Well, setting aside the fact that the Rams will play the 3rd-hardest strength of schedule (based off opponent’s combined 2013 win-loss percentage), St. Louis does appear to be in a better position than last year to succeed.
For one, their Bye week is relatively early, which could be a godsend for a young roster with questions surrounding the rotation within the wide receiving corps, as well as the offensive line. If last season is any indication, three games into the season is a fair point to gauge the efficacy of the offensive and defensive schemes. Granted, the early “week off” may haunt the Rams towards the middle or end of the season, assuming there are some injury issues. However, being able to regroup at the one-quarter mark of the year and assess the “state of the franchise” might be more valuable to this particular squad.

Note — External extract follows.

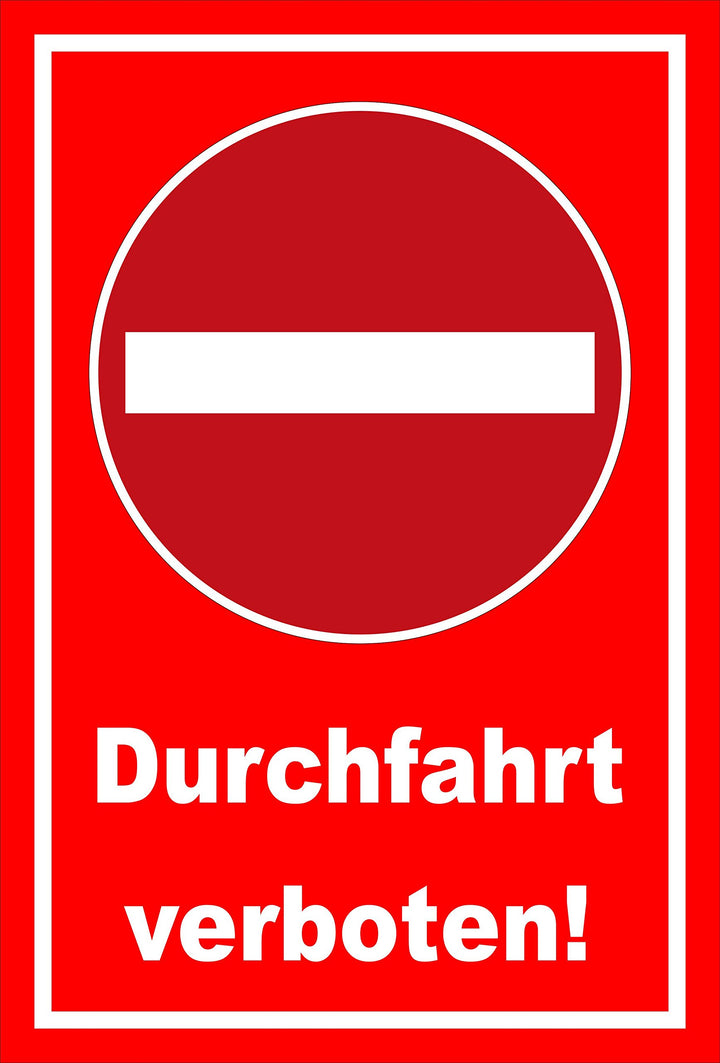 Melis Folienwerkstatt Schild - Verbot der Einfahrt - Durchfahrt verboten – 60x40cm | stabile 3mm Sta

Secondly, the Rams schedule is relatively “easy” to start the season, facing off against three teams that failed to reach the playoffs last season. Moreover, four of their first six games are in the Edward Jones Dome, including the intra-divisional opener against the San Francisco 49ers in Week 6. The more a young team can play at home in front of a “friendly” crowd, the more quickly they should be able to develop chemistry on the football field; at least, theoretically.
St. Louis will also get a break at the end of the season, to some extent. Not only are three of the final five games at home, they also avoid playing a breakneck schedule of NFC West grinders. As previously mentioned, last season the Rams faced all three division opponents on the road within the final five game of the regular season. This year, St. Louis final three games against the NFC West will come in Week 10 (at Arizona), Week 15 (Arizona), and Week 17 (at Seattle). More spread and more variety, in terms of location, should be another plus on the 2013 schedule.

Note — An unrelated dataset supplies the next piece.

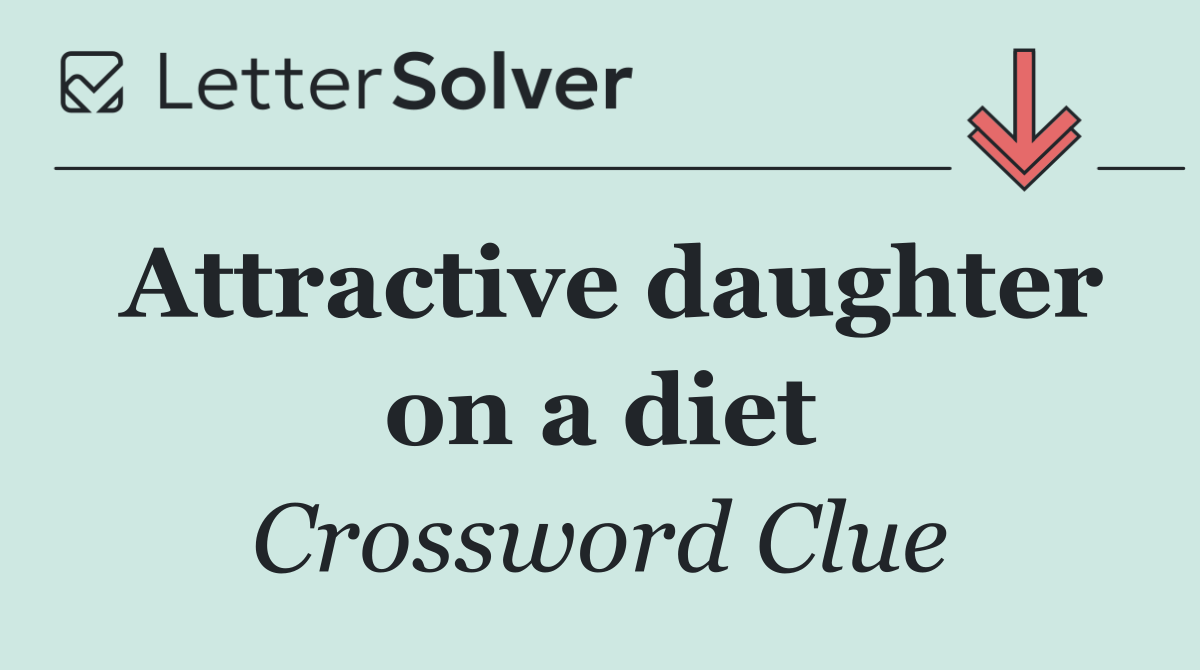 Attractive daughter on a diet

Obviously, with all of the talk about the front- and back-end of the schedule, there has to be some downside in the middle. The Rams will have to face a treacherous path between Week 5 and Week 12, taking on eight straight teams that either a) were in the playoffs in 2013, b) won 10+ games during that regular season, or c) both! Luckily, some of the more difficult games (i.e. 49ers, Seahawks, Broncos) will be played at home… so that should provide some relief. However, that is about as daunting as a stretch as you’ll find on an NFL schedule this upcoming season, and should be a true test of the St. Louis Rams ‘worth’ following their Bye week.
So, simply skimming over the schedule and using last year as a modest reference for opponent’s difficulty, how should the Rams fair in 2014?

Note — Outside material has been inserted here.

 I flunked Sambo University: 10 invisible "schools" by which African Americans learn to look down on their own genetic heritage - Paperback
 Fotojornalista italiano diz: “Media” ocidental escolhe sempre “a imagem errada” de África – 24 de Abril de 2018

While it is too early to make any steadfast predictions, it would appear that there are seven non-divisional games where the Rams should be favored or, at least, not massive underdogs: Vikings, Buccaneers, Cowboys, Raiders, Redskins, Giants, Chargers. Four of those teams were in the Bottom 10 last season, in terms of record, and only the Chargers made it into the postseason (thanks to a miracle of failure from a handful of other AFC teams). Even some of the likely favored teams, such as Kansas City and Denver, both struggled mightily last season against top tier pass rushing units; and, to make matters worse (for them), both lost significant chucks of their offensive lines this offseason. That leaves only the NFC West, where there is no telling how the wins and losses will play out. On a positive note, Sam Bradford is 5-2-1 against division opponents over the last two season. Assuming that St. Louis can merely “split” within the division, win the lion’s share of the “evenly matched” games, and pull off an upset somewhere on the schedule, the Rams should certainly be teetering on their first .500+ record, and maybe even break into the 10+ wins club.
With it being the offseason, there is no reason to not think optimistically about the St. Louis Rams 2013 schedule. Despite the Top 5 SOS, the Rams did catch some breaks at both the early and latter portions of the season, and should have plenty of “winnable” games that will keep them “in the hunt” for a playoff spot well into December.